In effetti, basta guardare i borsini delle quotazioni dei noli tra Shanghai e il porto di Genova (con lievitazioni dei costi che arrivano all’85 per cento) per farsi una rapida idea. Se i produttori vogliono evitare di licenziare o di chiudere bottega non potranno fare altro che scaricare a valle l’aggravio dei costi subiti. Non è così? “Esattamente, per non parlare del fatto che per noi produttori consegnare in ritardo le merci ai negozianti equivale a vedercele tornare indietro perché rischiano di essere fuori stagione.

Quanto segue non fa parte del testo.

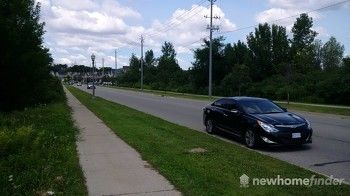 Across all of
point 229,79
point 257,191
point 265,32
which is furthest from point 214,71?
point 257,191

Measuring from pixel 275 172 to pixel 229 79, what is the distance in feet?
179

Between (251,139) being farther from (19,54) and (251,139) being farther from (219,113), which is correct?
(19,54)

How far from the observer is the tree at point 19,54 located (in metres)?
21.4

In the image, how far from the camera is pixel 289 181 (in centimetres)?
848

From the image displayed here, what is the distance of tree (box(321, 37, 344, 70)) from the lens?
105062mm

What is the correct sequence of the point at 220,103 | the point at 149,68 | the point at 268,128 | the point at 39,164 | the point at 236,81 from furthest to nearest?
the point at 149,68, the point at 236,81, the point at 220,103, the point at 268,128, the point at 39,164

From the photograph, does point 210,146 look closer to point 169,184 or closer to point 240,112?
point 240,112

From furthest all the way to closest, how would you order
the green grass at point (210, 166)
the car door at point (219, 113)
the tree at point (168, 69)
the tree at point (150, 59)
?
the tree at point (150, 59) → the tree at point (168, 69) → the car door at point (219, 113) → the green grass at point (210, 166)

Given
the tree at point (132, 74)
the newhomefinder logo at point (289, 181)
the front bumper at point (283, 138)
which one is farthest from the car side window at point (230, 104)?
the tree at point (132, 74)

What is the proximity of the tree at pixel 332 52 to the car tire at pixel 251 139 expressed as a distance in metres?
95.1

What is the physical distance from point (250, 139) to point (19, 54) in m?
12.6

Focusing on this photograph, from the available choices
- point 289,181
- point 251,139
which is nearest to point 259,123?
point 251,139

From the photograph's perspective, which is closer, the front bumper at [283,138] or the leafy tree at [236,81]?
the front bumper at [283,138]

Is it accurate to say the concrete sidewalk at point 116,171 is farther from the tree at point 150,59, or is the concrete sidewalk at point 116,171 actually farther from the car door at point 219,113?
the tree at point 150,59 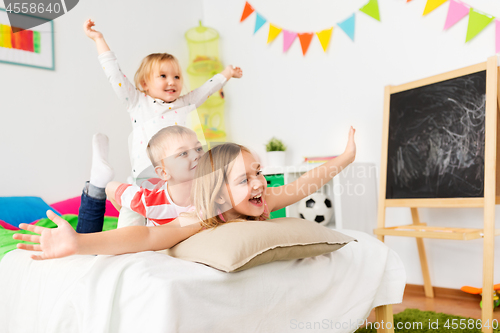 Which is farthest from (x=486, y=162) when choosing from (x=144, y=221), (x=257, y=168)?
(x=144, y=221)

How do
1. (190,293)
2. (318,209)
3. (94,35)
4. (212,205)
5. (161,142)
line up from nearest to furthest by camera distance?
(190,293)
(212,205)
(161,142)
(94,35)
(318,209)

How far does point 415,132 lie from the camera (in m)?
2.05

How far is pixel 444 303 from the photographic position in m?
2.00

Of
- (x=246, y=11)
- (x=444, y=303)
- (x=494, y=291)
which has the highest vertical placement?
(x=246, y=11)

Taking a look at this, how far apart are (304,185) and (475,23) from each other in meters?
1.47

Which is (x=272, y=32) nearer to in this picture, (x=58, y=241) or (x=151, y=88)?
(x=151, y=88)

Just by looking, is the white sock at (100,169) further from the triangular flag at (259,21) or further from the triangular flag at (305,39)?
the triangular flag at (259,21)

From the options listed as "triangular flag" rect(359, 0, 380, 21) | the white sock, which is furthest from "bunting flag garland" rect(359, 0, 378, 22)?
the white sock

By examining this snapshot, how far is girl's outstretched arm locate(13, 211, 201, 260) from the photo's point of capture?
0.75 meters

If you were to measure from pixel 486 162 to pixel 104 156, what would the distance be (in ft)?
4.86

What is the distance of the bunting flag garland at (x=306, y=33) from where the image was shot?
2.45 meters

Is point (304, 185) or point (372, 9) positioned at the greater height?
point (372, 9)

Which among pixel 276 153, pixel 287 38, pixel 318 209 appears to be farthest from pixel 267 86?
pixel 318 209

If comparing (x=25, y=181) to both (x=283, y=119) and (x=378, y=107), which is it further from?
(x=378, y=107) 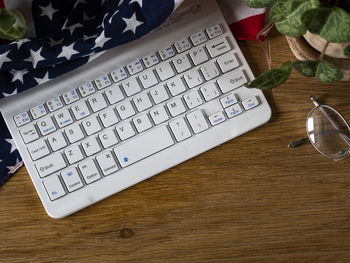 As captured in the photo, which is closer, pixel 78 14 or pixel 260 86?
pixel 260 86

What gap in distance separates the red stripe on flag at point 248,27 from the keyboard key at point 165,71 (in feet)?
0.36

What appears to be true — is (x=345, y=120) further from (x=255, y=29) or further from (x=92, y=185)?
(x=92, y=185)

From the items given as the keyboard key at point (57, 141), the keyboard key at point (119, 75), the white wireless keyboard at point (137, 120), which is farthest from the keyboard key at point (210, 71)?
the keyboard key at point (57, 141)

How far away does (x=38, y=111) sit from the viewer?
2.04 feet

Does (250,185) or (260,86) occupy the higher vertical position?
(260,86)

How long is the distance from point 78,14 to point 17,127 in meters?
0.18

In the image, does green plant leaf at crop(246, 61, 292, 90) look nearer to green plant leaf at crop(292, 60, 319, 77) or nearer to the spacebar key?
green plant leaf at crop(292, 60, 319, 77)

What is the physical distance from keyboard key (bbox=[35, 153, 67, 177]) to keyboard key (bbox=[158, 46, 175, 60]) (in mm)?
192

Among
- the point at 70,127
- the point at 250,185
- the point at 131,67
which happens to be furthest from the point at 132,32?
the point at 250,185

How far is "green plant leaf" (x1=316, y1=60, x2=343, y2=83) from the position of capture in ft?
1.65

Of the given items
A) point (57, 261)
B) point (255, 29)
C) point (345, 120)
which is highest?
point (255, 29)

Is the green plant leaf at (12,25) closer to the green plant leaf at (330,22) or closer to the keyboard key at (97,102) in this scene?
the keyboard key at (97,102)

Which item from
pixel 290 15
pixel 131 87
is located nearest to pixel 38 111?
pixel 131 87

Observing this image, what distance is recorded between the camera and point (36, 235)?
0.64 metres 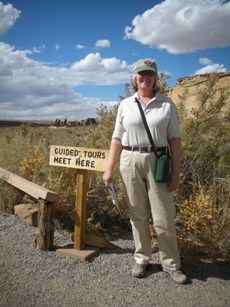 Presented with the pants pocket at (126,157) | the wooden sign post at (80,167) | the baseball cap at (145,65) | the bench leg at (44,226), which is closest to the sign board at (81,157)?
the wooden sign post at (80,167)

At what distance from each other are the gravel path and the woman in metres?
0.20

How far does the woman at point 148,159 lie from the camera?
360cm

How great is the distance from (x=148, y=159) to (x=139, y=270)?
1288 mm

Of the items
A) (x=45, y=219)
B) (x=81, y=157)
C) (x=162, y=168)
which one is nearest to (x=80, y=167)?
(x=81, y=157)

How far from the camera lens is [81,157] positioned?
439cm

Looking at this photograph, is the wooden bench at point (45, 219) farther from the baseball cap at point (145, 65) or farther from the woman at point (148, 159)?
the baseball cap at point (145, 65)

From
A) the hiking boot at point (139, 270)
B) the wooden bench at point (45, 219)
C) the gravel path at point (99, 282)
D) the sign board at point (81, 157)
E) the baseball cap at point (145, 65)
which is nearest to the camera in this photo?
the gravel path at point (99, 282)

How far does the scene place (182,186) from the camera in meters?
4.98

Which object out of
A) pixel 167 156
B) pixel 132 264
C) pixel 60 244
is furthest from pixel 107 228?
pixel 167 156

Per questo dico che non c’è tempo da perdere: se l’incertezza dei viaggi sul Mar Rosso perdura, sarà inevitabile per l’Europa fare i conti con il ritorno dell’inflazione entro fine anno il che vuol dire che la Bce sarà meno propensa ad avviare la riduzione del costo del denaro che i piccoli imprenditori stanno aspettando. Insomma, rischia di innescarsi una crisi generale”. 
Eppure, si rammarica ancora Silvagni, l’inflazione sembrava quasi sconfitta dopo anni in cui ha eroso il potere di acquisto delle famiglie. “Interagendo ogni giorno con varie aree geografiche – osserva – abbiamo potuto toccare con mano quanto l’Europa abbia pagato il prezzo più alto per la guerra russo-ucraina poiché né i paesi orientali hanno subìto inflazione da beni energetici né gli Stati Uniti, dove i rincari dei prezzi sono stati più la conseguenza di una crescita economica sostenuta. Adesso che si ricominciava a respirare si rischia di ricominciare tutto daccapo”.